She brought up that the AMC is worried its own child welfare proposal, called “Bringing our Children Home Act”, which the federal government and the AMC agreed to through a memorandum of understanding in 2017, will be reversed because of C-92.

(AMC Grand Chief Arlen Dumas at a committee meeting in May asking MPs to kill C-92. Photo: Mark Blackburn/APTN)

Senator Murray Sinclair, who is also from Manitoba, said that Article 3 of the bill says current agreements will not be affected by C-92.

“If there’s a conflict between this bill and any existing agreements regarding child welfare or self-government or anything related to child and family services that is currently in place, then that agreement that’s currently in place prevails over the bill,” said Sinclair.

McPhedran also noted that the bill is pan-Indigenous legislation “and it was not developed in consultation with the First Nations leaders in Manitoba.”

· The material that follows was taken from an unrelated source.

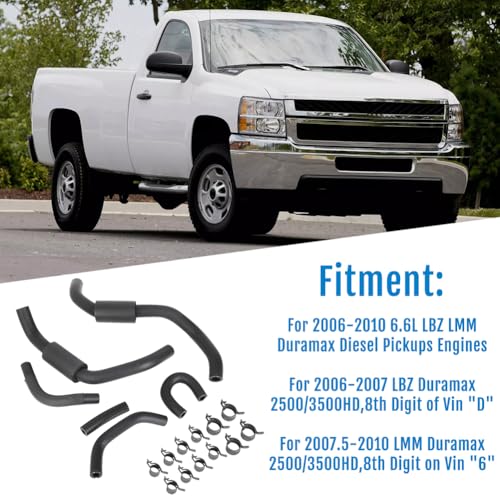 WIKIBB For LBZ LMM Duramax 25003500HD Low Pressure Fuel Line Kit 20062010 66L For 12625281 12625284 97321375 12625278 12625277 94013125 - Image 3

McCallum agreed with McPhedran about the bill being pan-Indigenous and how the province of Manitoba has been reluctant to come to the table to negotiate a transfer of jurisdiction.

“Jurisdiction over child welfare is quite frankly a cash cow for the province,” said McCallum. “At the end of the day it is not in their economic best interest to simply relinquish control of child welfare.”

Saskatchewan Senator Lillian Dyck said First Nations in her province are excited about the bill and are chomping at the bit to use it to opt out of Section 88 of the Indian Act, which gives jurisdiction over child welfare to the provinces.

“And we can’t hold (C-92) up just because of the Manitoba chiefs,” said Dyck.

New Brunswick Senator Sandra Lovelace Nicholas also stated that C-92 was better than the status quo.

“I’m concerned about the children in my provinces,” she said. “And the act to me, I think we should all stick together. Because what happens to the other provinces where the children preside.

“And what happens if this bill does not pass?”